Throughout my undergrad experience at Queen’s University I was confronted on several occasions with aggressive anti-Israel rhetoric. I’m not a particularly religious person, but the climate on campus was enough to make me aware and self-conscious of my minority status as a Jew. In this blog post I’d like to relate one of the more uncomfortable situations I was presented with during my time as a student, and invite readers to commiserate with me about the new face of Antisemitism that has infiltrated left-wing politics.
I began university as a fresh-faced film major, eager to get involved with a faculty that initially seemed hip and open-minded. But unfortunately it didn’t take long for this arty department to rear its ugly head and make me feel alienated enough to switch from a double major in film and drama to the only slightly more conservative English literature.
In a first year lecture sized film course, taken by hundreds of freshmen, one particularly charismatic and radical professor thought it appropriate to subject the entire class to an interactive presentation regarding “Israeli Apartheid”. Not only is the very name of this concept disingenuous and hurtful, but the manner in which she raised the topic was distasteful, left no room for discussion and was entirely unrelated to film studies.
I arrived at the lecture hall one spring afternoon to find that all the students were being lined up outside, and a separate group of students who were not signed up for the course were checking ID cards. The students running the screening process singled some of us out at random to wait outside and enter the class late. As it turns out, the purpose of this exercise was to demonstrate how Israeli checkpoints ostracize and persecute Palestinians trying to enter the country. (I won’t even get in to the racial profiling that occurred when I was ‘randomly’ selected to wait outside by a girl in a hijab who read that my name was Jacob Abba Morgan).
Upon entering the class, those of us who were admitted with late entry were made to sit in a separated area at the back. At the front stood this film studies professor standing proudly with her small legion of militant looking students who were all dressed in black. On the screen there was a ridiculous bit of propaganda that showed an army helicopter marked IDF looming over a lone Palestinian boy sitting dejectedly in a fiery wasteland dotted with barbed wire. I couldn’t believe my eyes.

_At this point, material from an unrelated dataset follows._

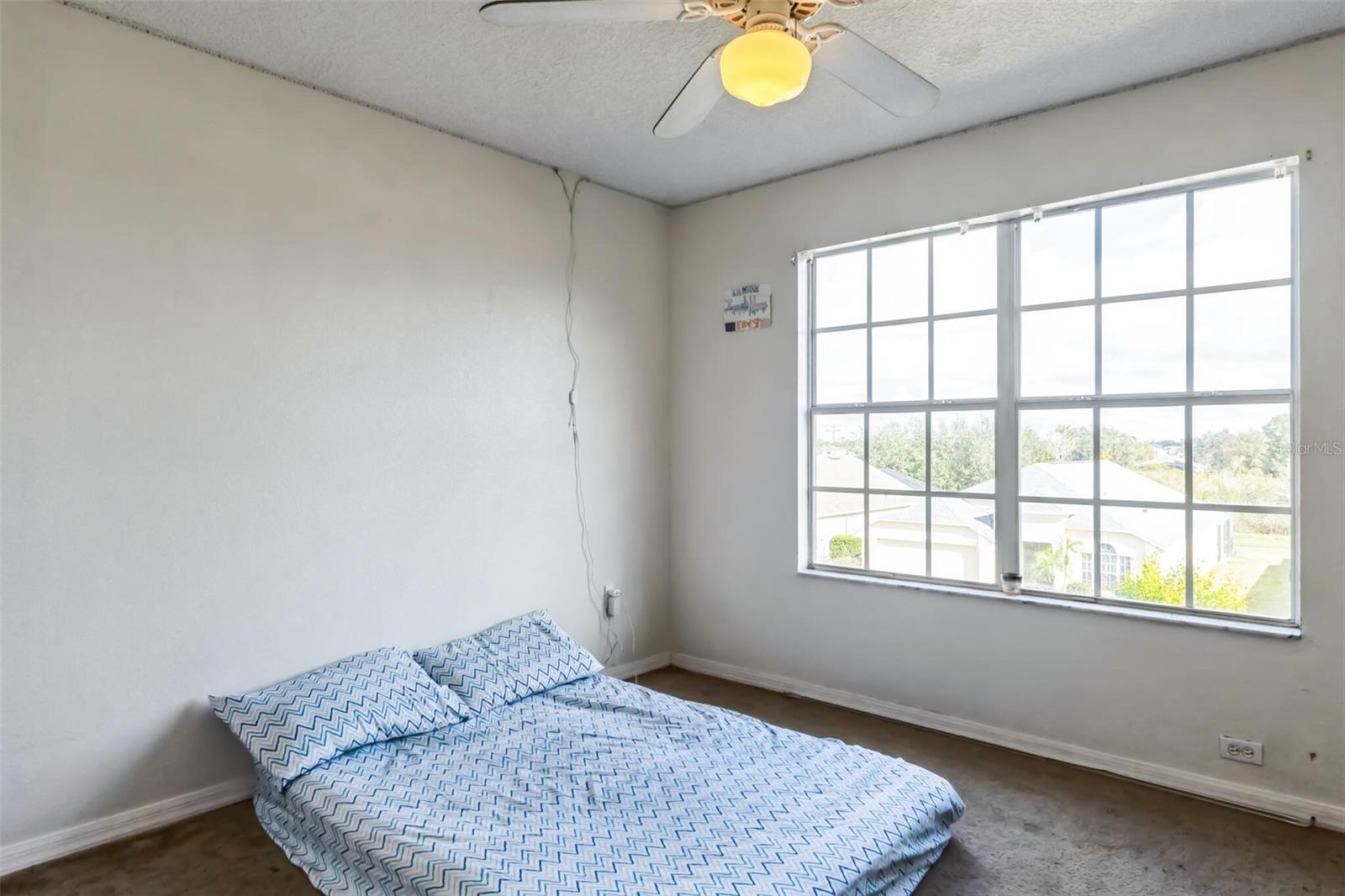 925 BALMORAL DR, DAVENPORT, FL, 33896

It’s difficult enough to raise your hand and make a comment in a lecture filled with hundreds of your peers, let alone when you are trying to argue a counterpoint. So perhaps because I was shy, or perhaps because I was just too offended to think straight, I didn’t say anything and simply got up and left the classroom. I studied hard for the exam but quickly made the decision to leave the film department and find a place where hate-filled and one-sided politics were left out of the picture. What is clear to me is that this professor abused her position of authority, and despite the fact that I complained to my teaching assistant and I know others did the same, this angry professor never saw any repercussions for her actions.
To condemn checkpoints with no mention of the terrorism that warranted these checkpoints is blatantly biased. This is just one instance of how the Israeli-Palestinian conflict is distorted within the halls of Canadian universities and how many professors perpetuate the problem by abusing their positions to push their warped agendas.